You might have lost yourself in the enormous amount of cycling information and advice available. You tend to have queries such as: what book should I read to expand my knowledge of cycling? How do I learn about some cycling adventures? I don’t want to get overwhelmed by cycling terms. Here are some things to guide your search.

●     Interest

Getting your hands on the best cycling book is challenging, especially if you have no requirements. You need to have a particular subject or history of interest. This search also includes the kind of authors that tickle your fancy. Irrespective of your interests, we believe you’d be able to find a few books that spark your interest on our list.

●     Informative

Also, you need to be sure about your present knowledge of cycling. As a beginner, for instance, you may not find a comprehensive book for professionals as interesting. Before you get to the end, you’d have lost interest. However, the book should also be able to inform or inspire you on your riding journey. Therefore, you must have a clue about your present knowledge about cycling and the subject matter that appeals to you.
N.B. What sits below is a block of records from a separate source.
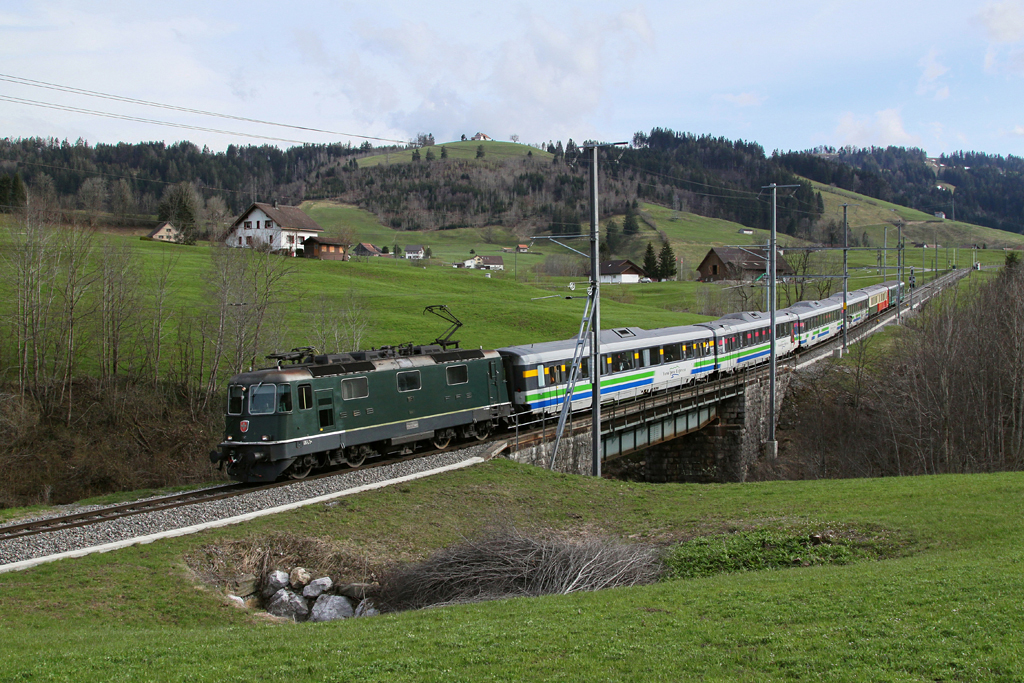 Re 4/4 11161 mit einem Voralpenexpress am 23.04.2012 bei Biberbrugg.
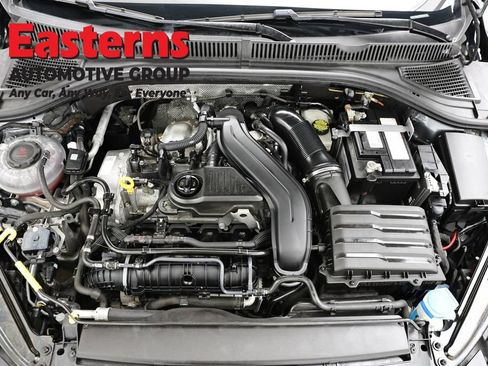 Used 2025 Volkswagen Jetta SE FWD image 7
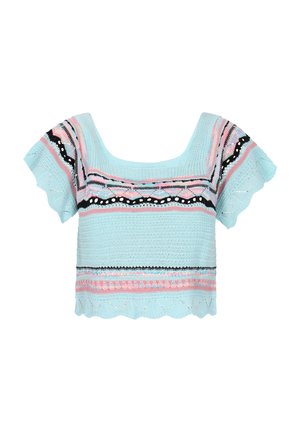 Lichtblauwe cropped gebreide top met golvende mouwen, met kleurrijke gestreepte patronen in roze, zwart en wit. Textuurontwerp over het geheel.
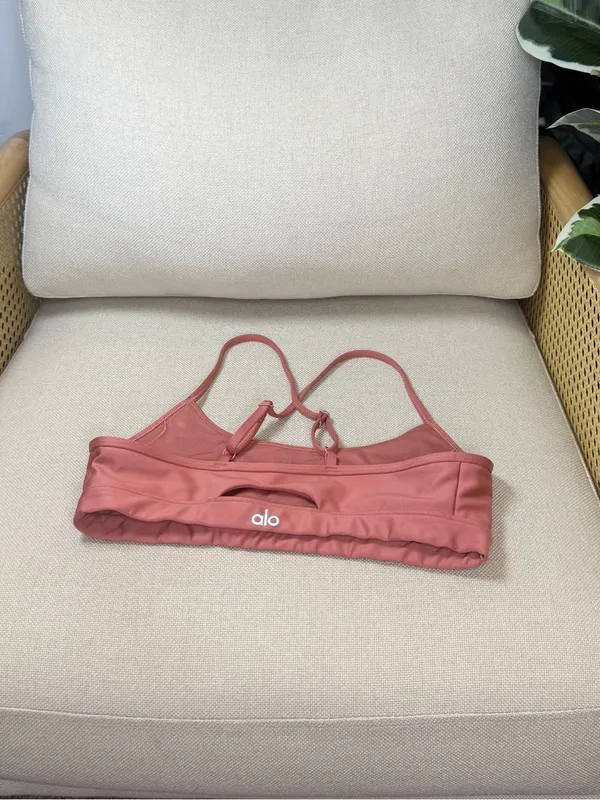 Alo Yoga Intrigue Bra Size medium - Image 4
●     Author’s Credibility

Anyone can write if they’ve got the time, but as a rider, you most likely want to read from someone in the field. Go for books written by riders or commentators, people with a better understanding of what the sport entails.

Conclusion

The best cycling books are not books that talk about the technological history of the bicycle. Rather, they are books that tell stories through and with the bicycle. Whether you just want to have some fun while reading about biking adventures or you’re an active follower of Tour de France, we hope our selection of our ten favourite books has inspired you to choose one and start reading!